Short descriptive text snippets
┄┄┄┄┄┄┄┄┄┄┄┄┄┄┄┄┄┄┄┄
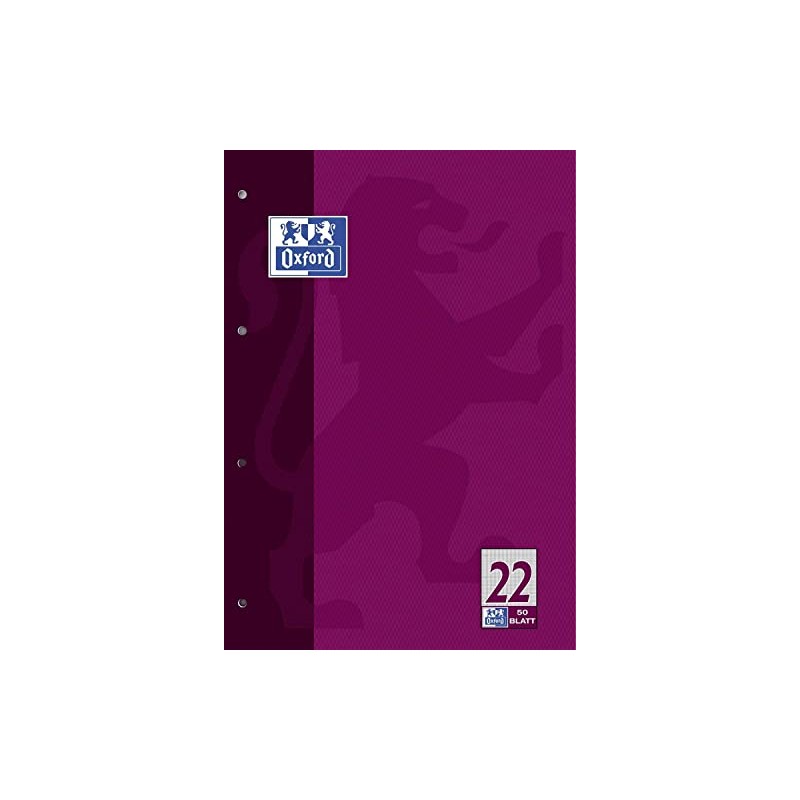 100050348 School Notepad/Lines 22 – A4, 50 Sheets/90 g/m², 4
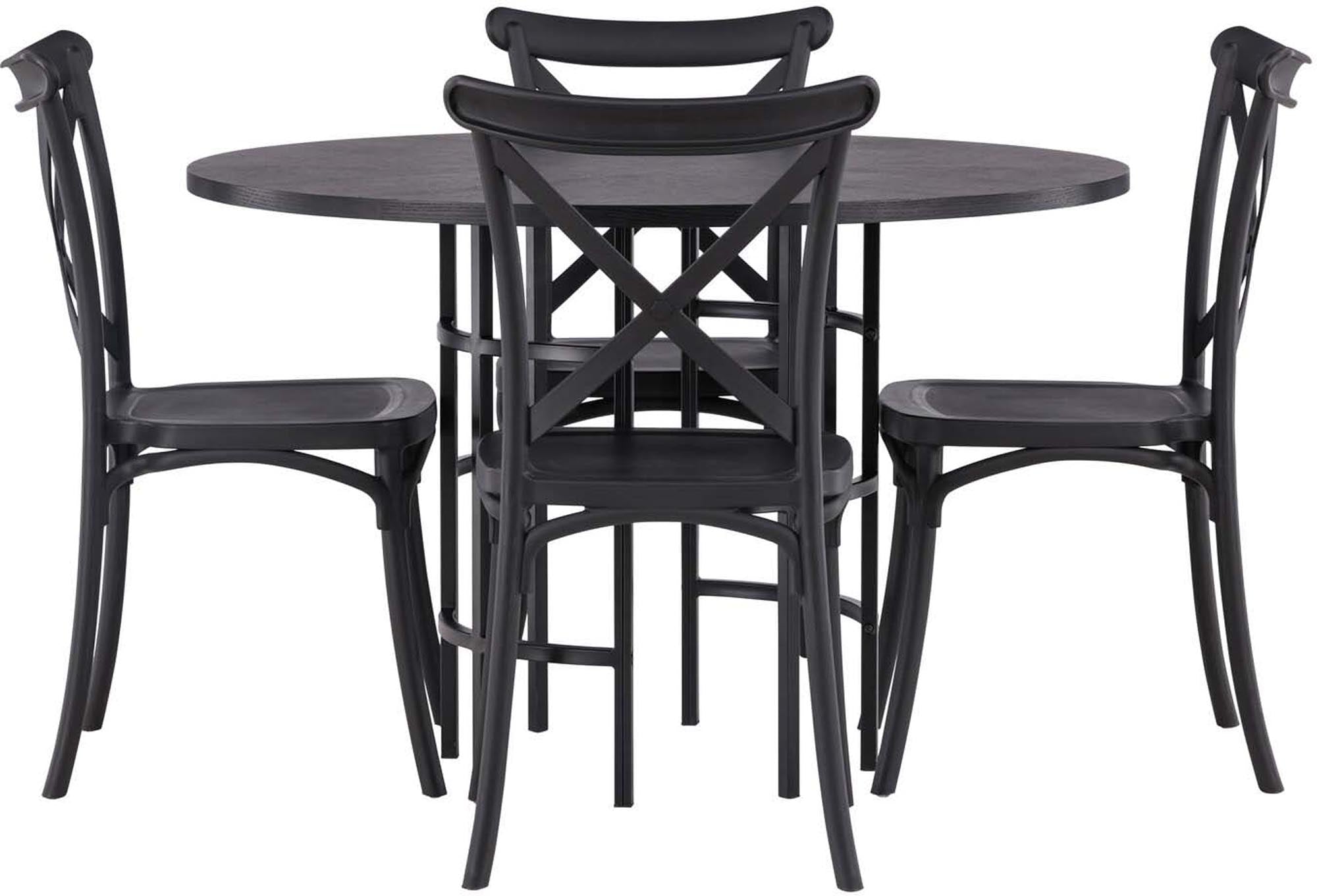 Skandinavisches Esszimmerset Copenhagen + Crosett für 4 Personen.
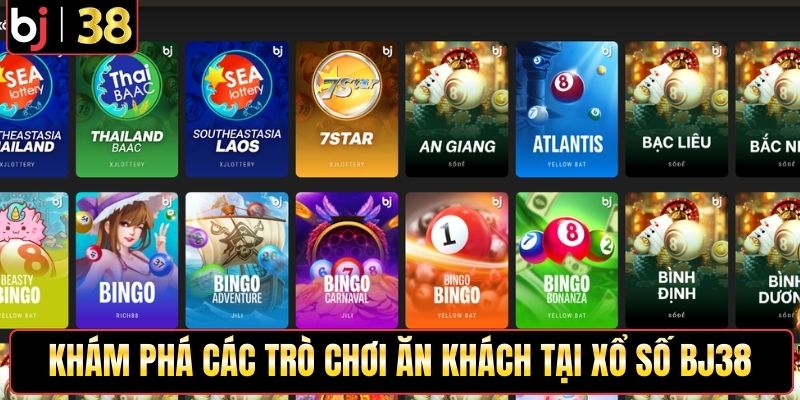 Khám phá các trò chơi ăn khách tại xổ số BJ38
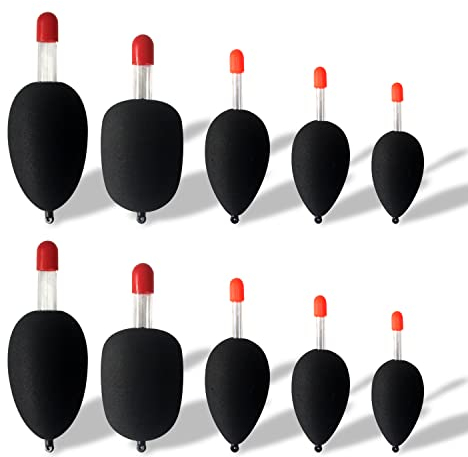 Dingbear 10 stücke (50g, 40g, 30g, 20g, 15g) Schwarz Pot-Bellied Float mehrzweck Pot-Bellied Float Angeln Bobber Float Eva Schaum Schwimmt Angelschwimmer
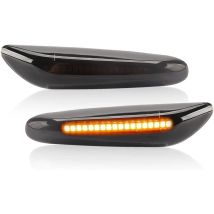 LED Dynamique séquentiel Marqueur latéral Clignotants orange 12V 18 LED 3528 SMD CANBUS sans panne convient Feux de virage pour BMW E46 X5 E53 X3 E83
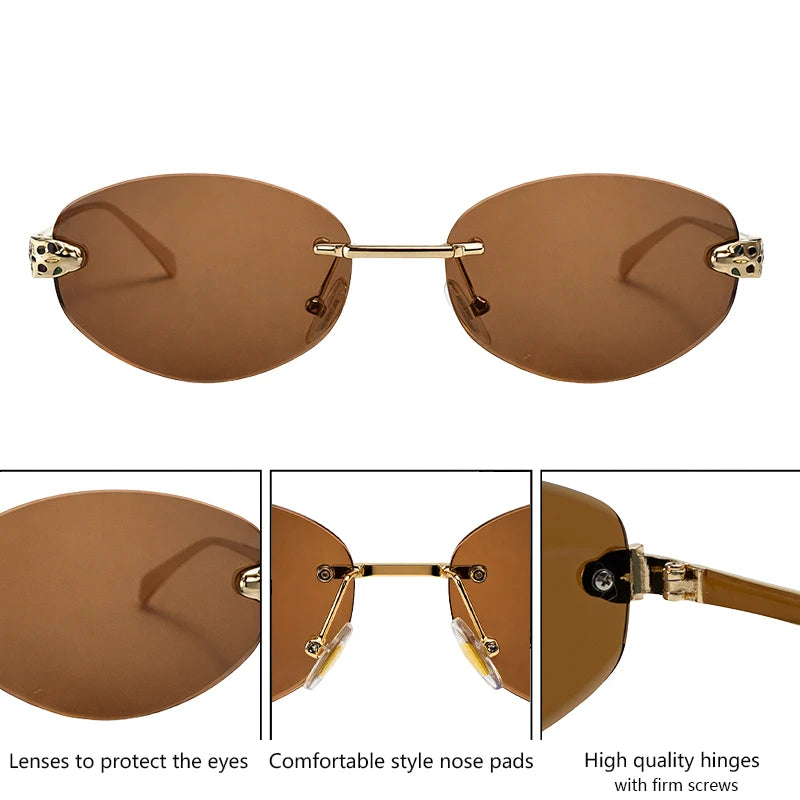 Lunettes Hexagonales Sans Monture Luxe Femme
┄┄┄┄┄┄┄┄┄┄┄┄┄┄┄┄┄┄┄┄
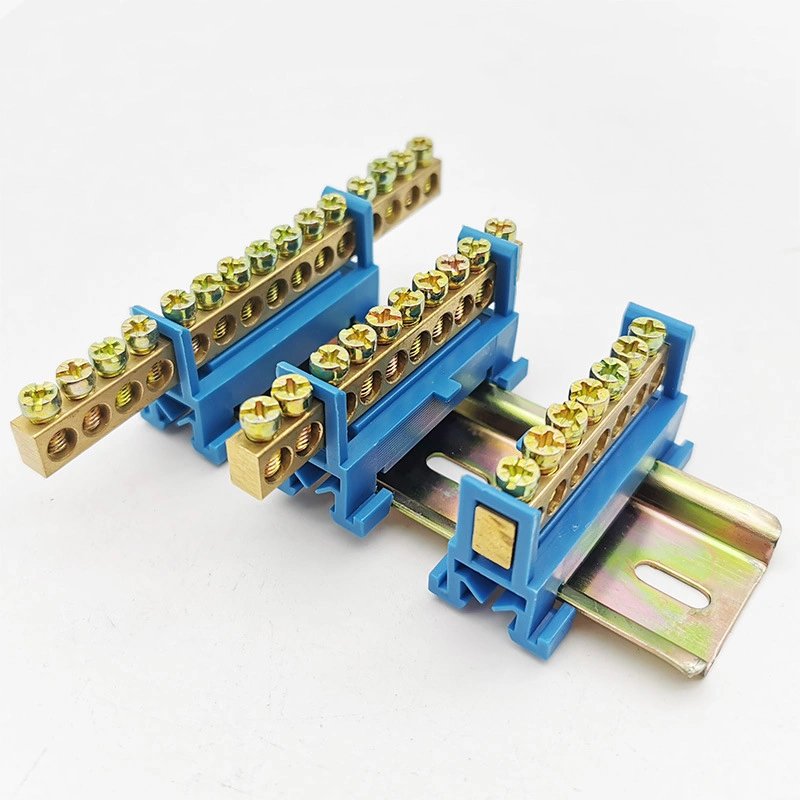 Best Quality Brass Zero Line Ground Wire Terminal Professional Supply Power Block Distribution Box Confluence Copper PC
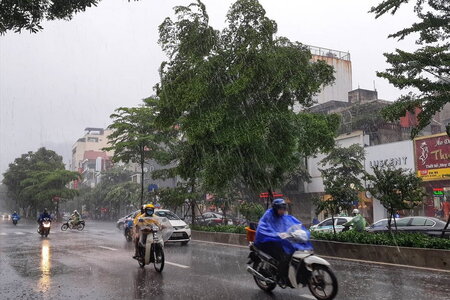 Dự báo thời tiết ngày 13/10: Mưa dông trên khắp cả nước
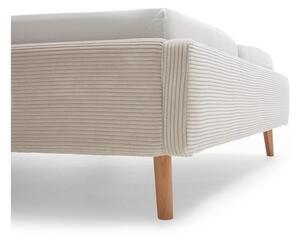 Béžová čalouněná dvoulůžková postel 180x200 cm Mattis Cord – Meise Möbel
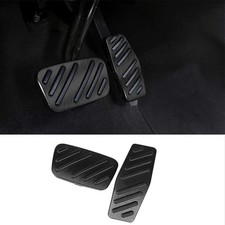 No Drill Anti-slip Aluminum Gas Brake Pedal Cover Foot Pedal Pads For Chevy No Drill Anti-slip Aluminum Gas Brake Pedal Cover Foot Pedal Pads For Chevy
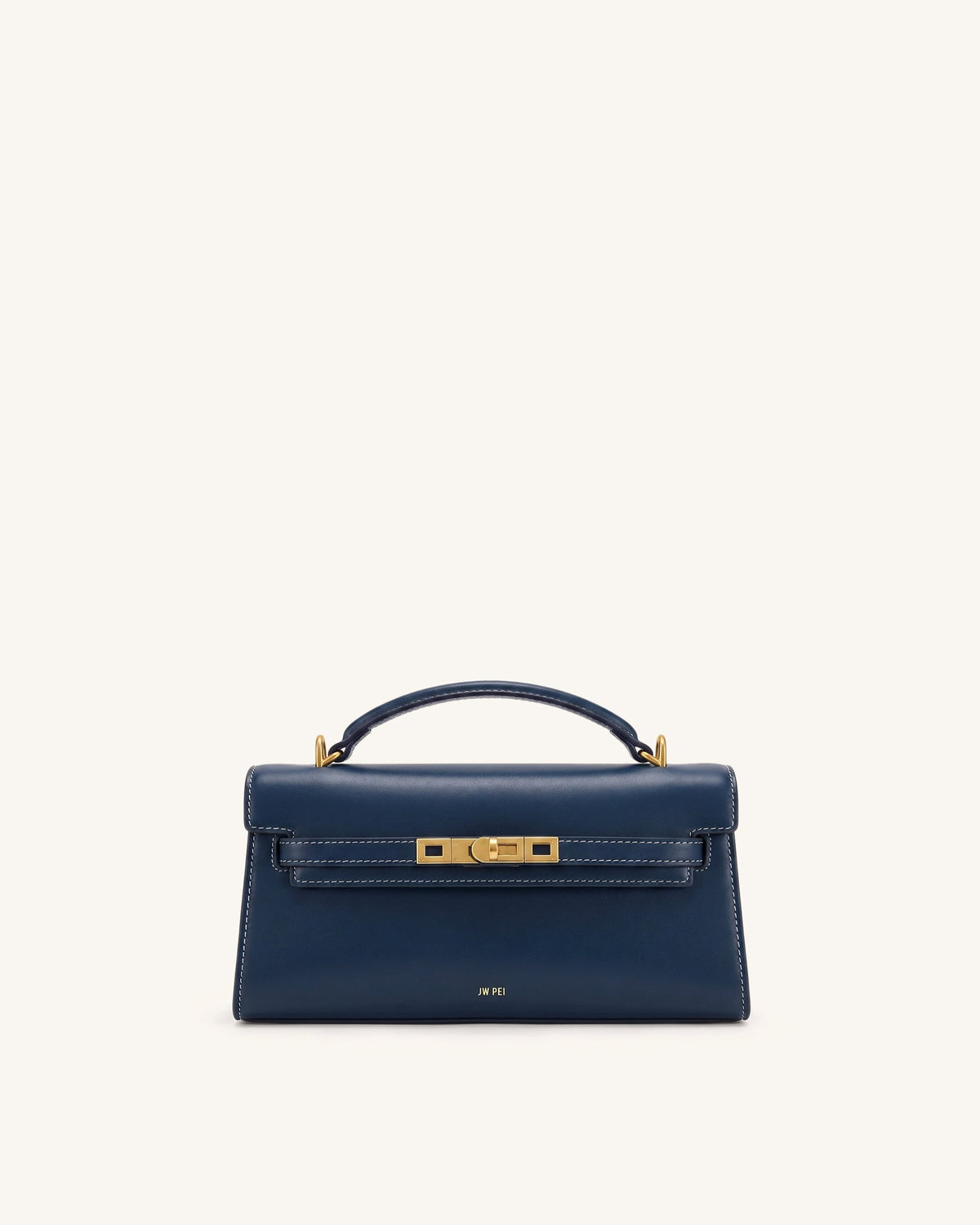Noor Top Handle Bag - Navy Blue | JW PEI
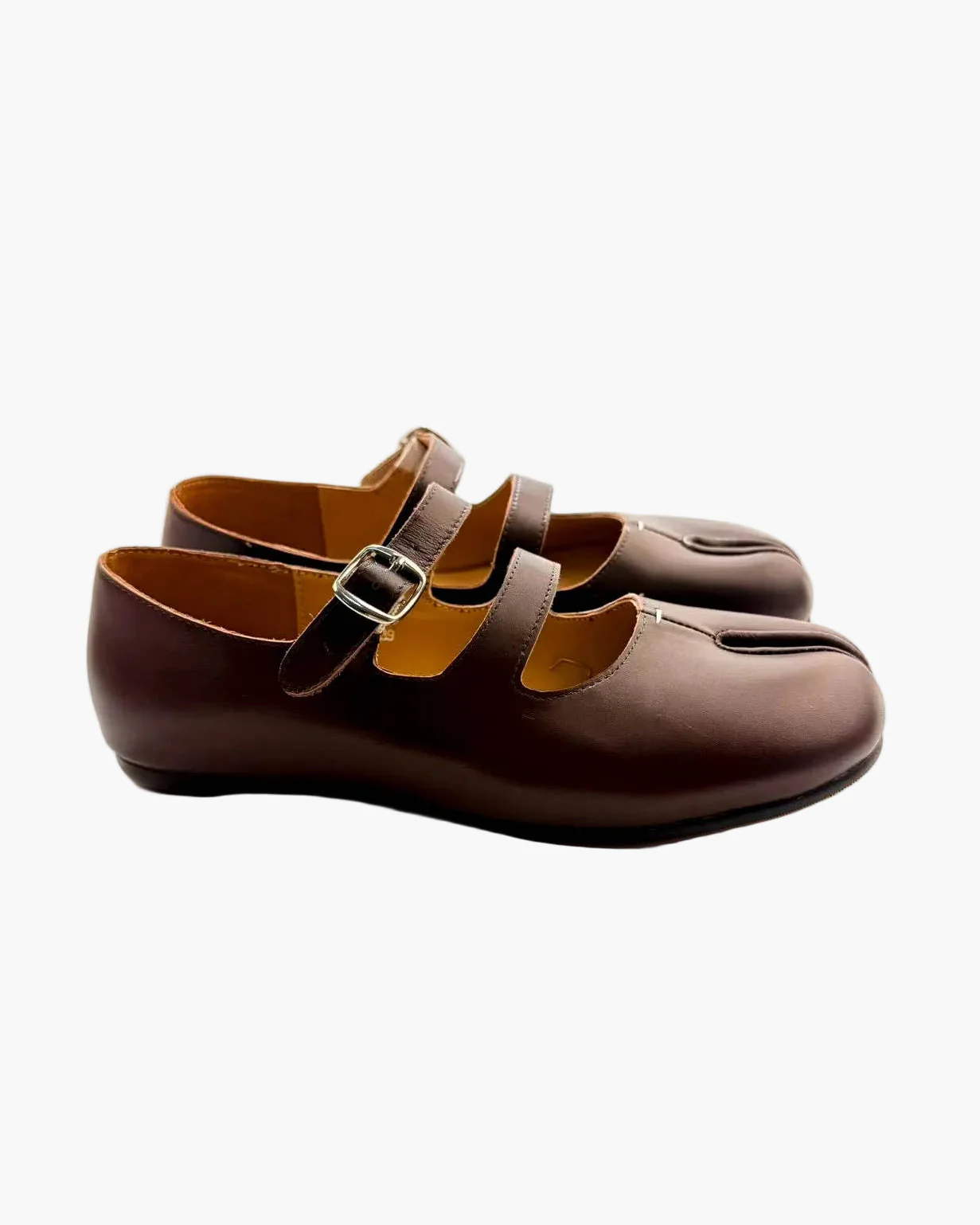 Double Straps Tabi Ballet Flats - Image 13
┄┄┄┄┄┄┄┄┄┄┄┄┄┄┄┄┄┄┄┄
Aim of the task: From the records above, give again only the part that opens with the line containing "Béžová čalouněná dvoulůžková" and closes with the line containing "Noor Top Handle Bag - Navy Blue | JW PEI". Keep both ends but drop the pictures.

Response area:
 Béžová čalouněná dvoulůžková postel 180x200 cm Mattis Cord – Meise Möbel
 No Drill Anti-slip Aluminum Gas Brake Pedal Cover Foot Pedal Pads For Chevy No Drill Anti-slip Aluminum Gas Brake Pedal Cover Foot Pedal Pads For Chevy
Noor Top Handle Bag - Navy Blue | JW PEI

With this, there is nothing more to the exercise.